Such trimmings are chosen from a set of possible trimmings that is defined considering the process variabilities.

The trimmings may be changed, choosing different trimmings from the set of possible trimmings, even in case of failure of a CRC (“Cyclic Redundancy Check”) applied to the memory-related data read during the PO sequence in order to check their correctness.

It is noted that each time the trimmings are changed, the first method 10_a may wait for a given time interval in order to stabilize the outputs of the analog blocks.

The first method 10_a starts in a step 100 and then proceed to a first setting step 102, wherein such first method 10_a may be configured to set the value of a trimming variable N, that is, a variable indicative of trimmings to be used out of the set of possible trimmings, equal to zero, that is, N=0, therefore, indicating to use first trimmings out of such set of possible trimmings.

In a use trimmings step 104, the trimmings indicated by the trimming variable N as the trimmings to be used out of the set of possible trimmings can be applied to the analog blocks in order to compensate for process variations.

In a waiting step 106, the first method 10_a may wait for the given time interval in order to stabilize the outputs of the analog blocks after that the trimmings are applied thereon in the use trimming step 104.

In a first reading step 108, the fixed pattern, for instance, the hexadecimal value 5555/AAAA, is read and the value of the read pattern is checked in order to verify whether such read pattern is equal to such expected fixed pattern, in particular, such checking of the equality between such read pattern and the fixed pattern may be performed in a first checking step 110.

If the read pattern is equal to the fixed pattern, the first method 10_a proceed, following the branch indicated with the reference Y₁, to a second reading step 112 wherein the memory-related data comprising configurations to be applied to the memory are read.

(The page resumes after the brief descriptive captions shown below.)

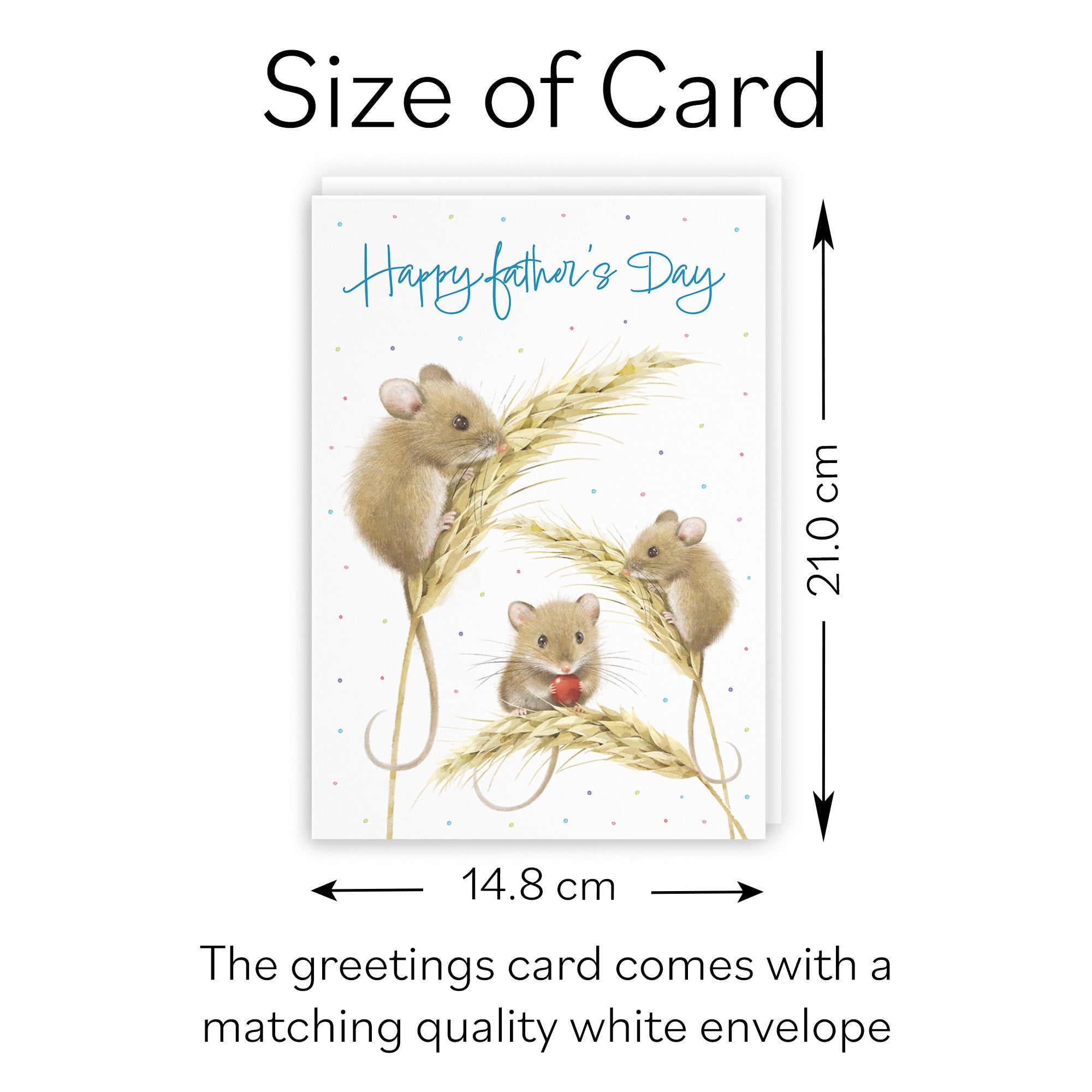 Father's Day Card Harvest Mice Milo's Gallery - Default Title (B0DG337L4K)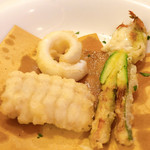 ラ・テンダ・ロッサ - 花ズッキーニ＆剣先烏賊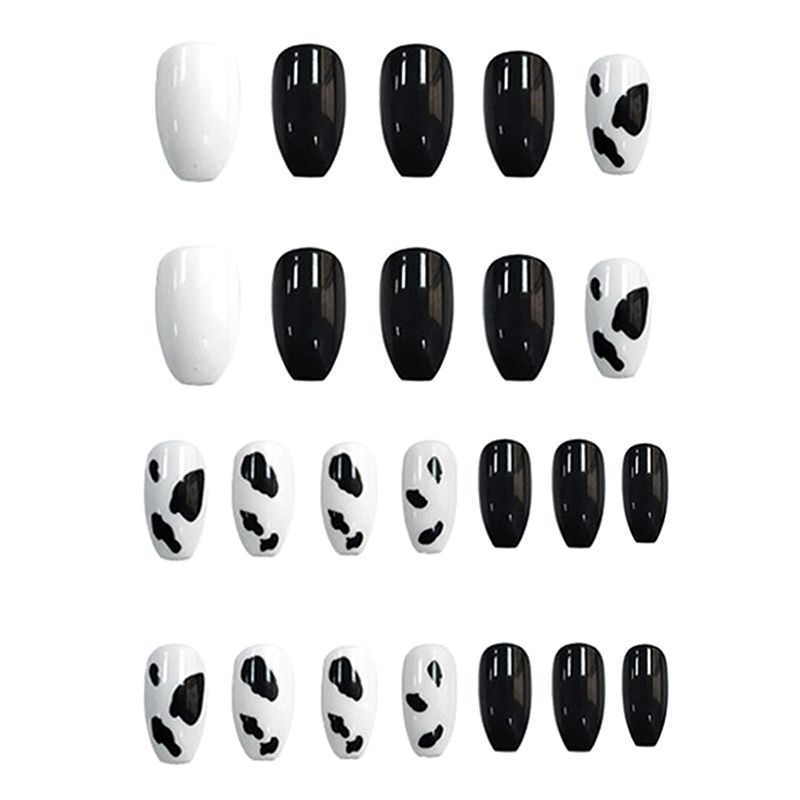 Beauty Nail False Nails 24 Tablets New Manicure, Fake Nails, Nail Stickers, Nail Patches, Wearable Nails, Removable Nail Patches, Finished Nails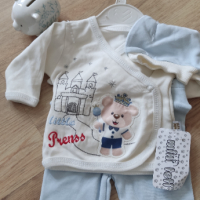 Бебешки дрешки за момче, снимка 3 - Комплекти за бебе - 44922689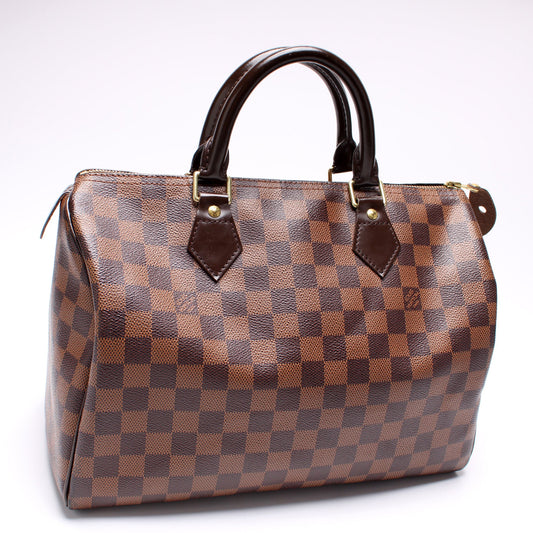 Louis Vuitton Speedy 30 Damier Ebene
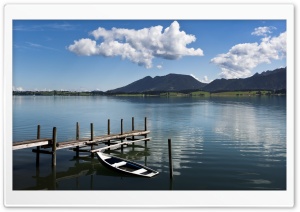 Pier And Boat Ultra HD Wallpaper for 4K UHD Widescreen desktop, tablet & smartphone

In a CRC step 114, a CRC is calculated in order to perform such check over the read memory-related data in order to verify their correctness, in particular, the checking of the correctness may be performed in a second checking step 116 wherein the CRC calculated in the CRC step 114 is compared with an expected one and the read memory-related data are considered correct if such computed CRC is equal to the expected CRC.

If the CRC result indicates that the read memory-related data are correct, the first method 10_a proceed, following the branch indicated with the reference Y₂, to an apply configuration step 118 wherein configurations comprised in the read memory-related data are applied to the analog blocks in order to compensate for process variations during further reading operations and, more in general, during main operation performed by the memory after the PO sequence.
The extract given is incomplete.